> [Problem requirements]: Start with the first line of the material. Repeat each line exactly through the one that contains "Ceinture cuir bleu".

================================

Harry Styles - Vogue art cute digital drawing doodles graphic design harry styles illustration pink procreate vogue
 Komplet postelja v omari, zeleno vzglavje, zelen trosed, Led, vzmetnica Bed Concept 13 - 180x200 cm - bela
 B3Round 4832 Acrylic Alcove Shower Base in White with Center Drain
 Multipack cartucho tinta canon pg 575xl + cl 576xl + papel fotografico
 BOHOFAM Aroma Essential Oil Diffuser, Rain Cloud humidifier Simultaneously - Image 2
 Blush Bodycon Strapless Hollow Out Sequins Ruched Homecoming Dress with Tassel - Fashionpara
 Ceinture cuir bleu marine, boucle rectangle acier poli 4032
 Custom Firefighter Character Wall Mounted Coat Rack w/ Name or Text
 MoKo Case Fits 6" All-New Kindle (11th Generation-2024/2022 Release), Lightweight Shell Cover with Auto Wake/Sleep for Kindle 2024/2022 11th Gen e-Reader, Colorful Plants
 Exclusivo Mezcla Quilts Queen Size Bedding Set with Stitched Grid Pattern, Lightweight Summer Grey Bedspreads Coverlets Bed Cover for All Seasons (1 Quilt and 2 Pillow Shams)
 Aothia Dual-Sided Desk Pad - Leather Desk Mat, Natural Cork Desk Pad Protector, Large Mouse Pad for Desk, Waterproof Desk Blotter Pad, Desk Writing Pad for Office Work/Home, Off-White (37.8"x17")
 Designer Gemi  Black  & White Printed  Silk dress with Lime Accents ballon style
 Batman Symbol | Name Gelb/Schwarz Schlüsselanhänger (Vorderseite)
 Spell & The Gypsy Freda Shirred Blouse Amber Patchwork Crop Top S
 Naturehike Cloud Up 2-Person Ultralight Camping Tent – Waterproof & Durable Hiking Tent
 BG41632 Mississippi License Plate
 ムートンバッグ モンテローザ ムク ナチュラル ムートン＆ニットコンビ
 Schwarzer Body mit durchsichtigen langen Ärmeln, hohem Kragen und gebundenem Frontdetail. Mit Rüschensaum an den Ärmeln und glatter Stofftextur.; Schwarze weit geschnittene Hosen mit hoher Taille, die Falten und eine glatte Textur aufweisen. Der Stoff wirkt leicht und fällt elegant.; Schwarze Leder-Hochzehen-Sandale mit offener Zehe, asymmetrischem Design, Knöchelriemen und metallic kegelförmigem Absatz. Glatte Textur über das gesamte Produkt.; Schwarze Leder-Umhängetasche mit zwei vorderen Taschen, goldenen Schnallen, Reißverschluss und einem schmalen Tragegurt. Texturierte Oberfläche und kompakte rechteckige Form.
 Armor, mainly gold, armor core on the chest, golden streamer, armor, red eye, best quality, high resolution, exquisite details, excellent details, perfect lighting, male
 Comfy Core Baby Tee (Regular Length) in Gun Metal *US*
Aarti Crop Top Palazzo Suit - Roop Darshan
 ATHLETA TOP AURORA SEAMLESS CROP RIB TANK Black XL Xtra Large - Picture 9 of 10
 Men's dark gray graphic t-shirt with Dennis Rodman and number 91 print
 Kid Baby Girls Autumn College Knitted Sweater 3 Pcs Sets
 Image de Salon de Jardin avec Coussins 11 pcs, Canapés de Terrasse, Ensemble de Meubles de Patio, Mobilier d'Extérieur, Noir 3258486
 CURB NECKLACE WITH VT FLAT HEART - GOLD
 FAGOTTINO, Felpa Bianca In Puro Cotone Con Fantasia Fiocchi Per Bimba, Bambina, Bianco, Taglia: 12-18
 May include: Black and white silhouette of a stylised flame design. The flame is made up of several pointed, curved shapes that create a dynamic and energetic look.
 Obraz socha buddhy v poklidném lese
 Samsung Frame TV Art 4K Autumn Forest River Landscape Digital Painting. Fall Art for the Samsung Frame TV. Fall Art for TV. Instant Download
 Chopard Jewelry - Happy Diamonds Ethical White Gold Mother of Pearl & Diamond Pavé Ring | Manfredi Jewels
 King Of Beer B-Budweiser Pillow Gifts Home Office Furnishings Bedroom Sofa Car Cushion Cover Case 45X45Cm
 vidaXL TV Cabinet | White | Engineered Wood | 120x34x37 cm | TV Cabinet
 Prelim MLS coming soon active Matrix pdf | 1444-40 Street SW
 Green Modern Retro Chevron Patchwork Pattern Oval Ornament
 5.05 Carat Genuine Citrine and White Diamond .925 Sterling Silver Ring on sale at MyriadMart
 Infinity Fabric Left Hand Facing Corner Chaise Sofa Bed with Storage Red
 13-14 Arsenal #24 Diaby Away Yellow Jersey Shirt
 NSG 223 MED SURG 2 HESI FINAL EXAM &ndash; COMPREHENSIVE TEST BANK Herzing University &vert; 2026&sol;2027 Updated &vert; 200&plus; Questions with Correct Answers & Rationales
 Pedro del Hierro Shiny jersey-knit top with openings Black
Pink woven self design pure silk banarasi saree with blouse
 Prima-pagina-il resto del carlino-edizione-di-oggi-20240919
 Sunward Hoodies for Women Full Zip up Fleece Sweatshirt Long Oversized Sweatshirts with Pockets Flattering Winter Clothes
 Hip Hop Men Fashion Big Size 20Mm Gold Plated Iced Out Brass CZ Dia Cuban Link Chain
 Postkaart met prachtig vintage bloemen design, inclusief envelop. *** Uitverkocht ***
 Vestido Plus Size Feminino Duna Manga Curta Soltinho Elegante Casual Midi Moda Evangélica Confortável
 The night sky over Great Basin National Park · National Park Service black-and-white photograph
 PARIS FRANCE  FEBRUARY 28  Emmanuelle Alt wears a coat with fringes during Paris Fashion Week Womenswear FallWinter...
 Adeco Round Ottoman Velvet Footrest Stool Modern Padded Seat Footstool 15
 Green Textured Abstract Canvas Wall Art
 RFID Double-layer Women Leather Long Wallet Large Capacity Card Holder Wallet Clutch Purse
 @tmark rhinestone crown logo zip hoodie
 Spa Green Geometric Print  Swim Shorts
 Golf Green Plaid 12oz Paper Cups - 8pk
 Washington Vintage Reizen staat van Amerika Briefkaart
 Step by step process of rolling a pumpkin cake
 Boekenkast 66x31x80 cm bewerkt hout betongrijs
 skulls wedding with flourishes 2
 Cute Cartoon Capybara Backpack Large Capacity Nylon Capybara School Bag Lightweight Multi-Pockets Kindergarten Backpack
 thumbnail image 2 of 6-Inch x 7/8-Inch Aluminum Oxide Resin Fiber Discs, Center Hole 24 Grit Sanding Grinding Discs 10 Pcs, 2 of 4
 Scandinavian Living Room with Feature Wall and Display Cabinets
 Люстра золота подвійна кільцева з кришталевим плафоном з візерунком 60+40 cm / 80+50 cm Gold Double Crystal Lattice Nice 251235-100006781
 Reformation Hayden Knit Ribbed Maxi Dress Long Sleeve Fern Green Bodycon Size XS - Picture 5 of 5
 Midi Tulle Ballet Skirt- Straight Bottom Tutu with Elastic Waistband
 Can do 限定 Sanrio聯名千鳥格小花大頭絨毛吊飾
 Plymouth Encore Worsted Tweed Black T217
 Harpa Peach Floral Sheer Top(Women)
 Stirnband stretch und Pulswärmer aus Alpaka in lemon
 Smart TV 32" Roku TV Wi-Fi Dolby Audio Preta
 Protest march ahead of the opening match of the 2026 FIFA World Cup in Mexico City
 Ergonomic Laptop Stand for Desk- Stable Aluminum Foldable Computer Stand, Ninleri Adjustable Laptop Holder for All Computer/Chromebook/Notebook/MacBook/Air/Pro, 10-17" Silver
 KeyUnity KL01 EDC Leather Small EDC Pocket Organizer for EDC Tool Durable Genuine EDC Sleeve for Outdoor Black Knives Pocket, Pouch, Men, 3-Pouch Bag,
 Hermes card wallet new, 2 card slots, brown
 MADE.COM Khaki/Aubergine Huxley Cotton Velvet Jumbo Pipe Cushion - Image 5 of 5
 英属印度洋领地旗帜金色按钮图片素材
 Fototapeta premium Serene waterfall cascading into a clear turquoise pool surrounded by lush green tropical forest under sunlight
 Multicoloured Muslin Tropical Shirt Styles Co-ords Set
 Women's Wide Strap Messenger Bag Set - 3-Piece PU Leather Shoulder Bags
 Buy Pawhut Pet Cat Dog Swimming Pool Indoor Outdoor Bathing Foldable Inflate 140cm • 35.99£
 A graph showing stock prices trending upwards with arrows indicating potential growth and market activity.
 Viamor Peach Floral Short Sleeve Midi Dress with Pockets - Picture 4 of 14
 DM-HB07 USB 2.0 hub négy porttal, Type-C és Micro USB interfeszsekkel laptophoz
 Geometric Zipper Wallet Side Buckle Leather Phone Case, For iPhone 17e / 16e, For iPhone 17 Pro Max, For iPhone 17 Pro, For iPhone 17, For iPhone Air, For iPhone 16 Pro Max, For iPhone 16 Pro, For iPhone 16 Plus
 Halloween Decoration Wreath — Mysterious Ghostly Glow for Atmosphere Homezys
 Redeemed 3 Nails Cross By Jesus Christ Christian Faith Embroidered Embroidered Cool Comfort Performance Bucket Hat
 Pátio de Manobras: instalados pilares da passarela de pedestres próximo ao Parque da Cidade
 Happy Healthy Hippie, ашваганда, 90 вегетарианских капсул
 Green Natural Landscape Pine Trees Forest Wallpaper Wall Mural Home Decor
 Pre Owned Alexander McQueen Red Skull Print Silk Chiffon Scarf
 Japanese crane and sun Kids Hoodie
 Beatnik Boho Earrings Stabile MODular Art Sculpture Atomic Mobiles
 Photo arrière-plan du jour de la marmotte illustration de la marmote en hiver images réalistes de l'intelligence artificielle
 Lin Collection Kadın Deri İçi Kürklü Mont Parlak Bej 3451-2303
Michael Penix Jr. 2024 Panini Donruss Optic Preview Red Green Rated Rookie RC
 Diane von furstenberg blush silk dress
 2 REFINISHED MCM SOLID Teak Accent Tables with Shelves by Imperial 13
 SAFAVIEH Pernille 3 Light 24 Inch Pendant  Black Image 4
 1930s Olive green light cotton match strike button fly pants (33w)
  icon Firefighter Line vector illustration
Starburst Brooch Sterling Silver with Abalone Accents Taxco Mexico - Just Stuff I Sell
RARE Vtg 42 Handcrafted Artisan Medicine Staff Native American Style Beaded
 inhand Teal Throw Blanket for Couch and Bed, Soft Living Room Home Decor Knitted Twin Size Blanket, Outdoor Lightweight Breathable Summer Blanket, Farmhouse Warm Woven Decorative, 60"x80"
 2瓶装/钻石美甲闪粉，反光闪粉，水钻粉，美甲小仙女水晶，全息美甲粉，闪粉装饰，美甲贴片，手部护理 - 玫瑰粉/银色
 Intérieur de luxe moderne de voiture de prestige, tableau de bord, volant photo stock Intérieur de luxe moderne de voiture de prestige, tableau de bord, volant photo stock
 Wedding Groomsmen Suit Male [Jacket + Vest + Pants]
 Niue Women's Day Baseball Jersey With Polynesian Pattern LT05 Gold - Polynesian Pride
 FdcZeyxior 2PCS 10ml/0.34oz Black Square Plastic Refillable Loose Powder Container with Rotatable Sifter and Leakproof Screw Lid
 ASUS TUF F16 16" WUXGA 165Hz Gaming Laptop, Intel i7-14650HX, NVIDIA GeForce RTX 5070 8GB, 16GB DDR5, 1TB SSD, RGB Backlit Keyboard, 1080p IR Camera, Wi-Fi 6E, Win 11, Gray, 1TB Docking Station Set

================================

> [Your solution]:
Harry Styles - Vogue art cute digital drawing doodles graphic design harry styles illustration pink procreate vogue
 Komplet postelja v omari, zeleno vzglavje, zelen trosed, Led, vzmetnica Bed Concept 13 - 180x200 cm - bela
 B3Round 4832 Acrylic Alcove Shower Base in White with Center Drain
 Multipack cartucho tinta canon pg 575xl + cl 576xl + papel fotografico
 BOHOFAM Aroma Essential Oil Diffuser, Rain Cloud humidifier Simultaneously - Image 2
 Blush Bodycon Strapless Hollow Out Sequins Ruched Homecoming Dress with Tassel - Fashionpara
 Ceinture cuir bleu marine, boucle rectangle acier poli 4032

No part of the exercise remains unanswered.